MATERIAL SHOWN —
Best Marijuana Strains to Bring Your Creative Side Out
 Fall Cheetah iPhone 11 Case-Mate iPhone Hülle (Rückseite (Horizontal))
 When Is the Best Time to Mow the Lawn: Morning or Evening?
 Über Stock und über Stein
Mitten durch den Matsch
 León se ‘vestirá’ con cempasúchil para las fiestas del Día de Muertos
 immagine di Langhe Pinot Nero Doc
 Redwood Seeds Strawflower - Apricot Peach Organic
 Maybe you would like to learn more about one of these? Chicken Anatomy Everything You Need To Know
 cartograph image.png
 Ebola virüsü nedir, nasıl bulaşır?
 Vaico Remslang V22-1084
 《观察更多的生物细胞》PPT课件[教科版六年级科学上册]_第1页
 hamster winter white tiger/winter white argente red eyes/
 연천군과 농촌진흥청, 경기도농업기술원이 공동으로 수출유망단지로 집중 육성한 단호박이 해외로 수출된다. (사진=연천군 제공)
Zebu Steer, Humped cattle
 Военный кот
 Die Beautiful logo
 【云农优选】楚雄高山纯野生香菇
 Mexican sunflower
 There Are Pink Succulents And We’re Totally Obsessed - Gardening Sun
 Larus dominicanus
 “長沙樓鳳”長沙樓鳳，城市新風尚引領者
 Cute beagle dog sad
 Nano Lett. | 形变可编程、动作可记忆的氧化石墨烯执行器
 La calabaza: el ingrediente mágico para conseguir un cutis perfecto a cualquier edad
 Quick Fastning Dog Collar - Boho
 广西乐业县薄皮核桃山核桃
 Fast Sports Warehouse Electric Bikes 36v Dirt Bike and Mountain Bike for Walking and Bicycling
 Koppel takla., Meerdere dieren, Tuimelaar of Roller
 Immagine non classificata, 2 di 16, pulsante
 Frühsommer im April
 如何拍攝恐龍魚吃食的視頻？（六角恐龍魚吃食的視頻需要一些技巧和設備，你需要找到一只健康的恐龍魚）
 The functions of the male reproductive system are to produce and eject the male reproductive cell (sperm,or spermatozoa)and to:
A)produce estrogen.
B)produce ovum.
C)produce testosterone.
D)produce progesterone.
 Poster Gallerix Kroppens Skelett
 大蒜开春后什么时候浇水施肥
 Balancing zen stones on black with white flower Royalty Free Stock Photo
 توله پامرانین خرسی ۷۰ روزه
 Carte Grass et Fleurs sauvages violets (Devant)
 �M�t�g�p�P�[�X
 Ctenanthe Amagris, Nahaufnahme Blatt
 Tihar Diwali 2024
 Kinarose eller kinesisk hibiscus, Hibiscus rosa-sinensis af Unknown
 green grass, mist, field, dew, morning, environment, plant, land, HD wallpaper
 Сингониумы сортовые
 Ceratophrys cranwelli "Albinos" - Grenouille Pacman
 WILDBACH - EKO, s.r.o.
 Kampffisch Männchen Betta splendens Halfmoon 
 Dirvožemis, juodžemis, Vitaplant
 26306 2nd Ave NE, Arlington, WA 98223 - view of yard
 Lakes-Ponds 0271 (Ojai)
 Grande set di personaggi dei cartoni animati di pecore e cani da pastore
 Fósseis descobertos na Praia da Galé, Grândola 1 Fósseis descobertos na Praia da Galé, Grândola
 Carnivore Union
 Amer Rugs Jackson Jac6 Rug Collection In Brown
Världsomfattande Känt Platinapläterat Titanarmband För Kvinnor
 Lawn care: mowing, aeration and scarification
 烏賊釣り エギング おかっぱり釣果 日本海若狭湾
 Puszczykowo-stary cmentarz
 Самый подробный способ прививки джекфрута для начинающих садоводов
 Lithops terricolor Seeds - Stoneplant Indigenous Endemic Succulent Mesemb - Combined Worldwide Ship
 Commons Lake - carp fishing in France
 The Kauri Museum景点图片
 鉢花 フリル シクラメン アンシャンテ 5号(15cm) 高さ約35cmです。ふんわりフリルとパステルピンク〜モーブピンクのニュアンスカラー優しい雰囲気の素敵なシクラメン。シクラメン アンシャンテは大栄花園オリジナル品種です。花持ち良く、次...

WHAT IS EXPECTED — Within the listing above, locate the line containing "immagine di Langhe Pinot Nero Doc" and the line containing "Nano Lett. | 形变可编程、动作可记忆的氧化石墨烯执行器". Reproduce those two lines and all lines between them exactly, with nothing added.

ANSWER SECTION —
 immagine di Langhe Pinot Nero Doc
 Redwood Seeds Strawflower - Apricot Peach Organic
 Maybe you would like to learn more about one of these? Chicken Anatomy Everything You Need To Know
 cartograph image.png
 Ebola virüsü nedir, nasıl bulaşır?
 Vaico Remslang V22-1084
 《观察更多的生物细胞》PPT课件[教科版六年级科学上册]_第1页
 hamster winter white tiger/winter white argente red eyes/
 연천군과 농촌진흥청, 경기도농업기술원이 공동으로 수출유망단지로 집중 육성한 단호박이 해외로 수출된다. (사진=연천군 제공)
Zebu Steer, Humped cattle
 Военный кот
 Die Beautiful logo
 【云农优选】楚雄高山纯野生香菇
 Mexican sunflower
 There Are Pink Succulents And We’re Totally Obsessed - Gardening Sun
 Larus dominicanus
 “長沙樓鳳”長沙樓鳳，城市新風尚引領者
 Cute beagle dog sad
 Nano Lett. | 形变可编程、动作可记忆的氧化石墨烯执行器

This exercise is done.